Republicans exiting a meeting Monday evening spoke against quickly holding floor votes on the two longer-term reauthorization bills.
“We heard two different sides, Intel versus Judiciary,” Rep. Ralph Norman, R-S.C., said. “It needs to be one bill, and so, extend it four months. Let’s get together on one bill. Let everybody be educated on it. Nine tenths of the people in there other than Intel and Judiciary don’t know the specifics.”
“The two sides need to come together. We’re fighting for America, to protect America,” Norman said.
Rep. Mike Garcia, R-Calif., said he told the conference that Section 702 is the most important national security debate they have had since he’s been in Congress. “And if we need to slow down and do this right, then let’s do that,” Garcia said.
And if there’s going to be a short-term extension of Section 702, “Let’s go have this conversation several more times and get alignment. Hopefully, we can get down to one product,” he said.
The surveillance authority allows the U.S. government to collect digital communications of foreigners located outside the country.
But the program also sweeps up the communications of Americans and allows the FBI to search through data without a warrant using information such as an email address.
Committee jurisdiction
At the Rules Committee hearing, several members of the Judiciary Committee voiced objections that indicated there is also a turf war between the panels.
Rep. Thomas Massie, R-Ky., a member of the Judiciary and the Rules committees, said there shouldn’t be a rule that puts both bills on the floor because the Judiciary Committee has jurisdiction over the Section 702 program.
Such a rule would allow “just taking authority for an entire bill from one committee and giving it to another committee by a vote of the House.”
Massie instead pitched the idea of bringing the Judiciary Committee bill to the floor with a rule that would allow the Intelligence Committee to propose changes so that those members “can have your moment on the floor.”
“We shouldn’t go willy-nilly about creating new precedents and bending our own rules just because a committee that has lesser jurisdiction, in fact, not the jurisdiction over the programs being reformed, wants to bigfoot the other committee,” Massie said.
Rep.
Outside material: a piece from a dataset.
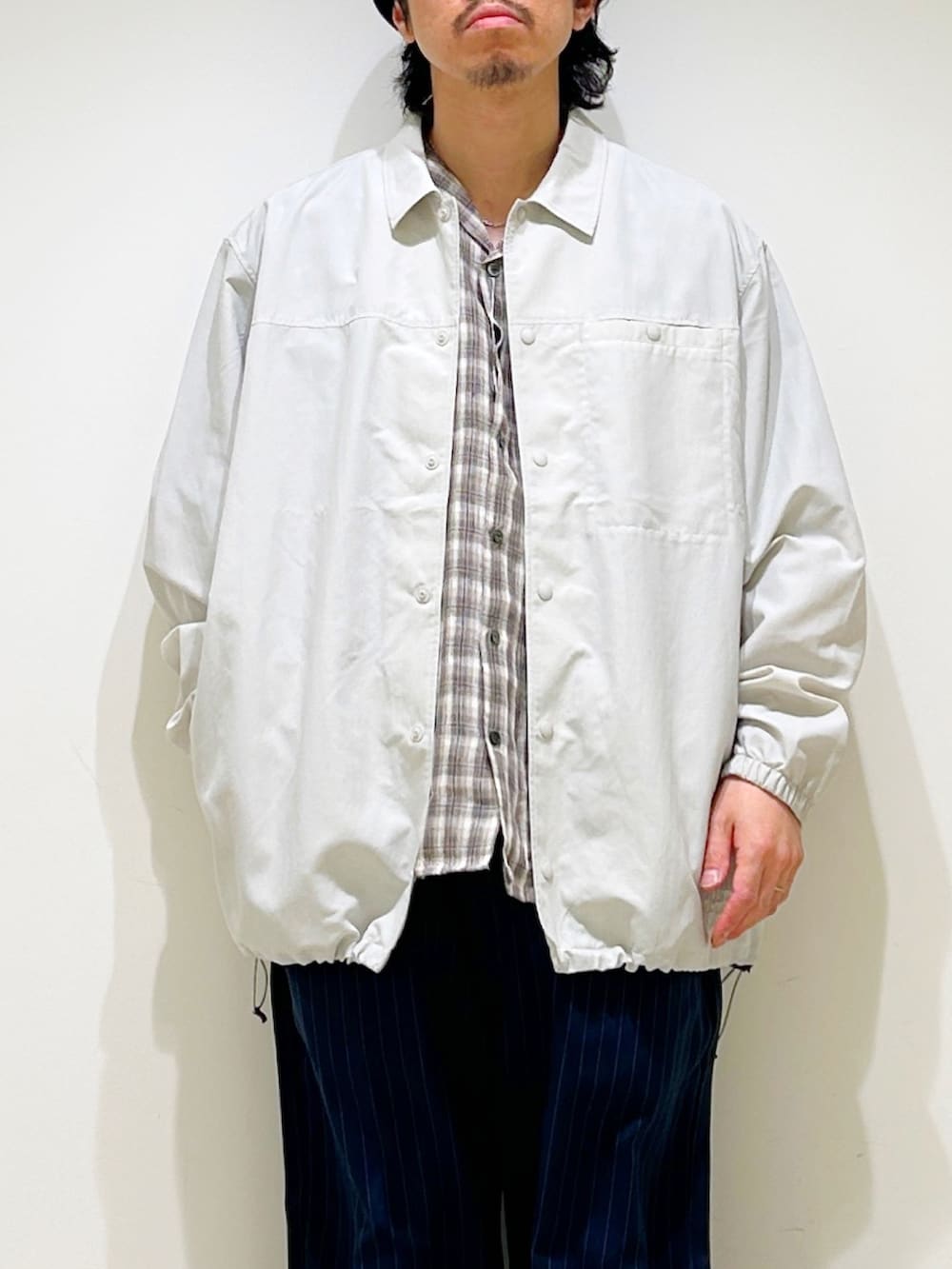 ホワイト系のその他アウター、ベージュ系のシャツ/ブラウス、ブルー系のその他パンツを着用したメンズの春コーディネートの6枚目の写真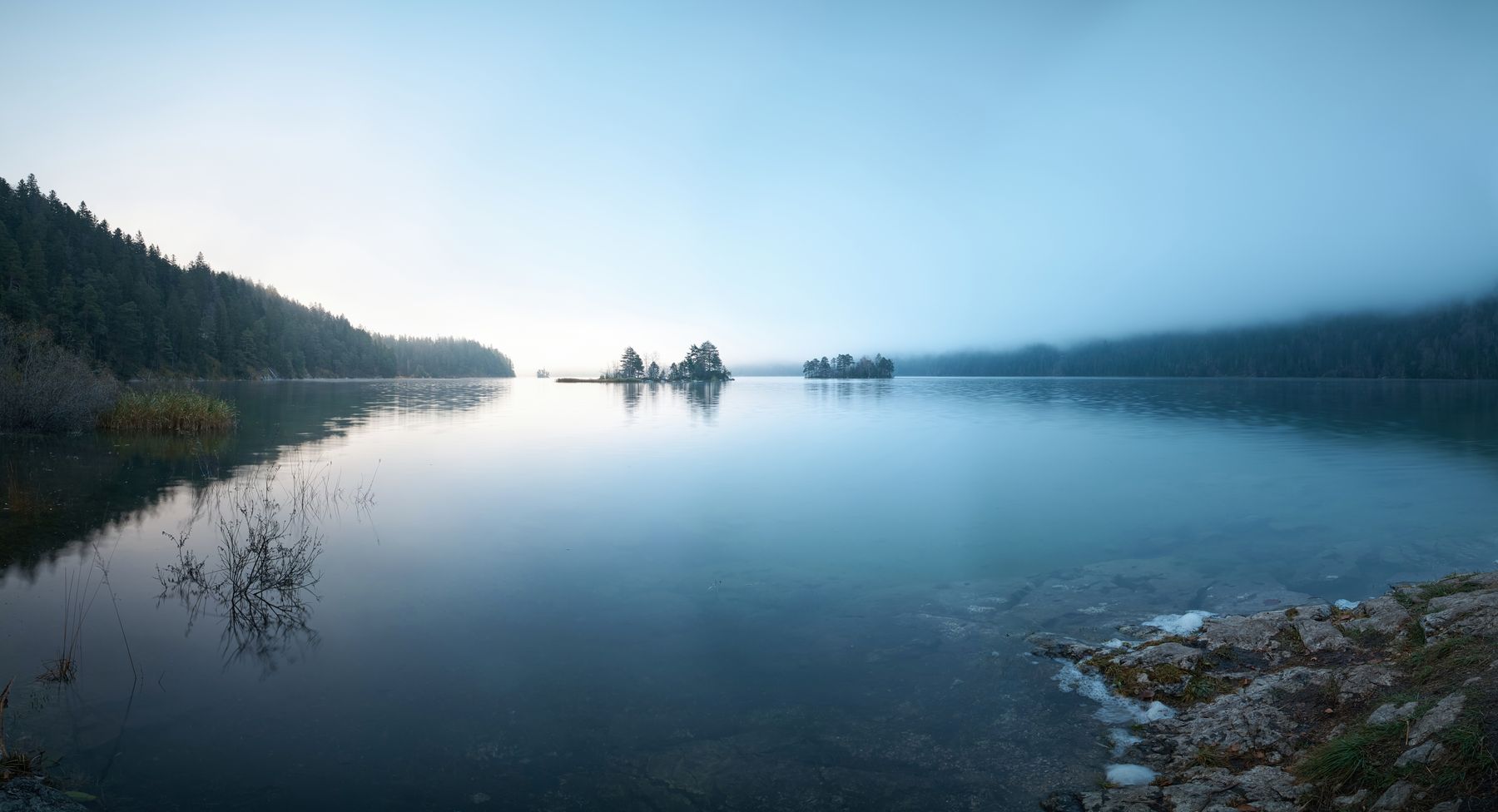 Still lake at first light with mist over the far treeline — photo by Tommes Frites on Pexels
Jerrold Nadler, of New York, the top Democrat on the Judiciary Committee, also advocated at the Rules meeting for having a floor vote on the Judiciary bill and not the Intelligence bill.
Doing both “would set up this contest” which is “not the right way to go,” Nadler said.
And Rep. Andy Biggs, R-Ariz., a member of the Judiciary Committee, said warrant requirements or transparency with the courts is “clearly” under the jurisdiction of his panel.
“Quite frankly, I view that in some ways, while we’ve tried to play nice with Intel, I view them as encroachers and interlopers,” Biggs said.
At a committee meeting last week, Intelligence Chairman Michael R. Turner, R-Ohio, said the Judiciary measure would provide “immunity from prosecution for some horrific crimes, if they’re discovered in 702 foreign intelligence collection.”
“Under their bill, 702 information would not be admissible in criminal prosecutions for horrific crimes such as child pornography, human trafficking, murder and even money laundering,” Turner said. “These are provisions of their bill that they’re going to have to explain.”